• Entries supplied:

Segment Open

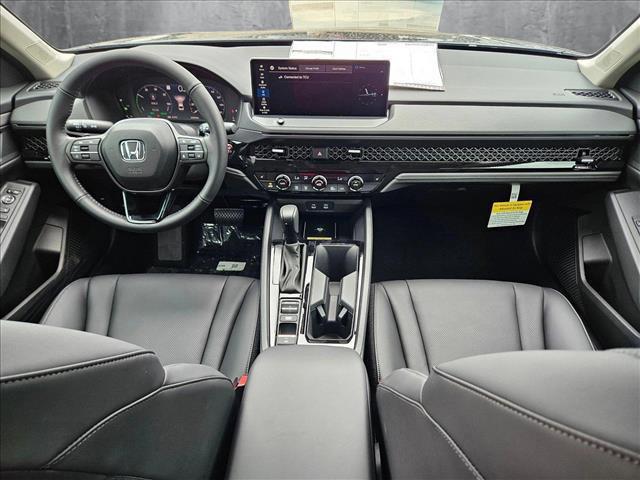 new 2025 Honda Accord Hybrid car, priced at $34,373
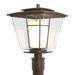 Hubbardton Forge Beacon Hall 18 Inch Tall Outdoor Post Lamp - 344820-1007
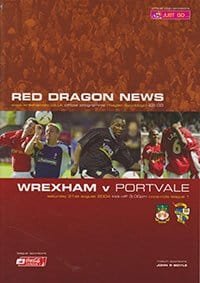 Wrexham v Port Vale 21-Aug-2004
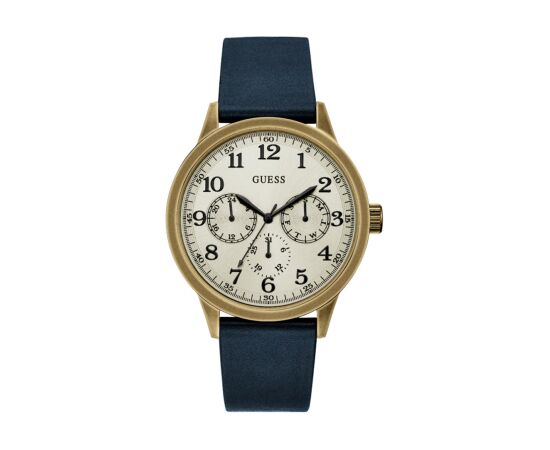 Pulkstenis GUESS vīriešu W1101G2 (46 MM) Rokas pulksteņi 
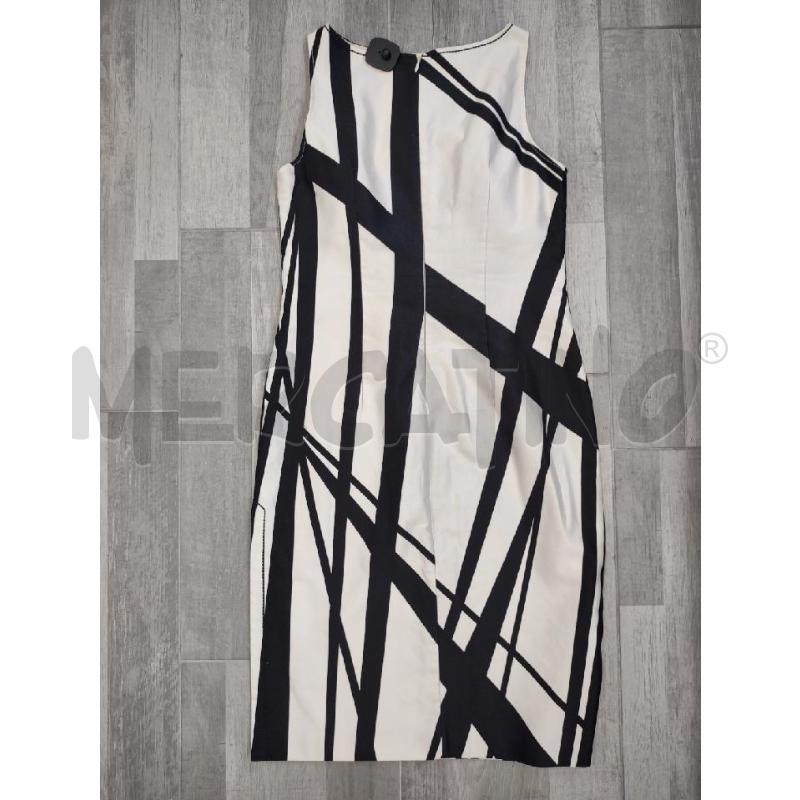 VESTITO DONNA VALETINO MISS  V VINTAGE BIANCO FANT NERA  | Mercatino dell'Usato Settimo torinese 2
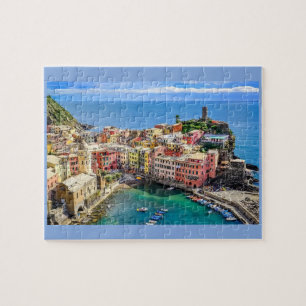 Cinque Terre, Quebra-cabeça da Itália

Segment Closed
Segment Open

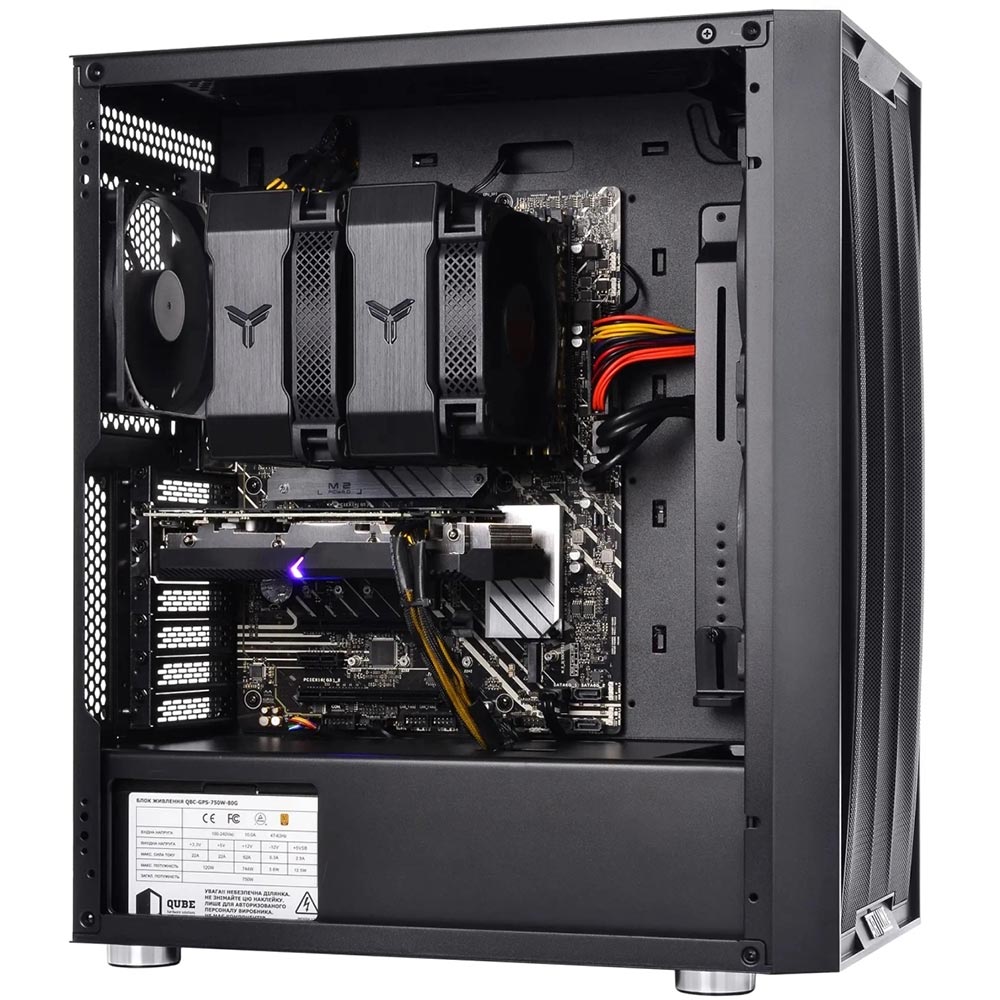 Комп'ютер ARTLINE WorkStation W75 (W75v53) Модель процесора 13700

Segment Closed

• Task statement: From the records above, output only the lines starting at the one containing "new 2025 Honda" and ending at the one containing "Cinque Terre, Quebra-cabeça da Itália", word for word. Pictures stay out.

• Answer to the exercise:
 new 2025 Honda Accord Hybrid car, priced at $34,373
 Hubbardton Forge Beacon Hall 18 Inch Tall Outdoor Post Lamp - 344820-1007
 Wrexham v Port Vale 21-Aug-2004
 Pulkstenis GUESS vīriešu W1101G2 (46 MM) Rokas pulksteņi 
 VESTITO DONNA VALETINO MISS  V VINTAGE BIANCO FANT NERA  | Mercatino dell'Usato Settimo torinese 2
 Cinque Terre, Quebra-cabeça da Itália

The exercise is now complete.